Why should schools stop churning out factory workers? Seems to me that's what schools were designed for, not much has changed, nor could it be changed. Perhaps schools should be preparing people for military service, scab labor, homelessness and docile unemployment. We can't all be engineers, designers, culture creators and the like. Someone's still gotta take the garbage out, violently steel resources for the State, and make affordable food for those poor impoverished souls right? Or are we accepting that that is all done by migrants (who we assume don't go to school, at least not schools like ours). Unless we succeed at building cheap robots to do that work (and preserve the idea of welfare for those who would be displaced by that), the majority of work remains in that class, and so mass education should as well.

This is the problem with trying to use the vocational education argument back on itself, to prop up a change argument that is less about new work models and more about promoting a different level of social ideals - freedom and conviviality.

If Seth had of referred out to others writing on this topic, he might have at least encountered Ivan Illich, namely but not least his books: Tools for Conviviality, In Defense of Useful Unemployment, and Deschooling Society. A consistent thread through all of Illich's work is the anarchic idea that institutions like school, compel our cultural dependence on those institutions, and that we need to develop a viable alternative to industrialised living entirely, to begin breaking our dependence on those institutions. Reforming those institutions to drive such change is a tail waging a dog. And so it's not until we get much closer to a post industrial society, that we can hope for a more convivial experience of learning from one another, doing valuable, self sufficient and flexible forms of work, relying a lot less on schools to care for kids that must limit their learning to industrial strength vocational application. You might try and change the school system in the hope of shaping that more ideal society, but not without frustrating and disappointing those who are subjected to your engineering. Or you might simply make it more possible for people to forgo school entirely and discover and develop alternative ways of learning and being, but not without some fear and anxiety. We're a long way from either option, because in the end people need jobs to survive, those jobs are still very industrialised, and people caught in that need someone to take care of their kids while they're at work! A cruel and vicious cycle that seems to be getting worse with pre and post school childcare centres booming because both parents and grandparents have to work, just to pay landlords, financiers and banks off!

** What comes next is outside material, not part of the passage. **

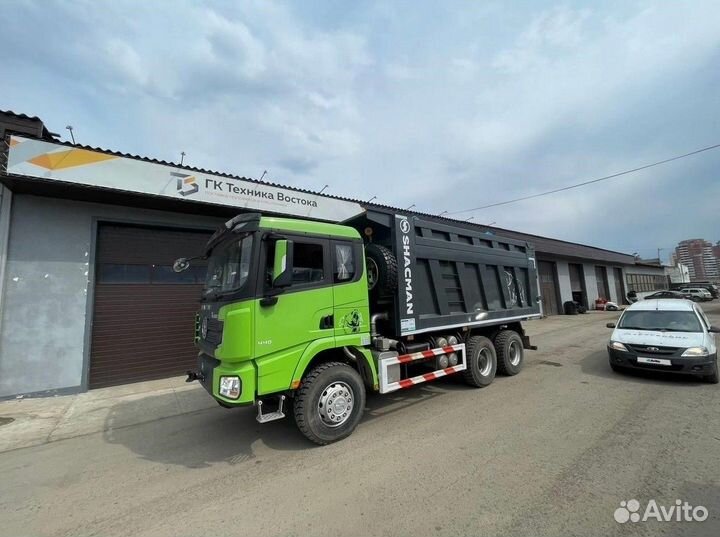 Shacman (Shaanxi) SX32586W384C, 2023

Maybe Seth will get to all this later in his manifesto - I hope so. It seems to me we have to stop using the "work is changing" argument, and look at the alternatives to our present ways. Those who are trying to break through the dehumanising effects of industrialism have some ideas and examples. The counter culture movement as they once were, the transition towns, the permaculturalists, the homeschoolers, the pre industrialised societies, cottage industries, free universities, small and ethical business, and hopefully many things I haven't found yet. If we can study their models and experiences we may find a way through to a viable alternative for more people, so that unschooling is viable for more people, and deschooling is more possible for others.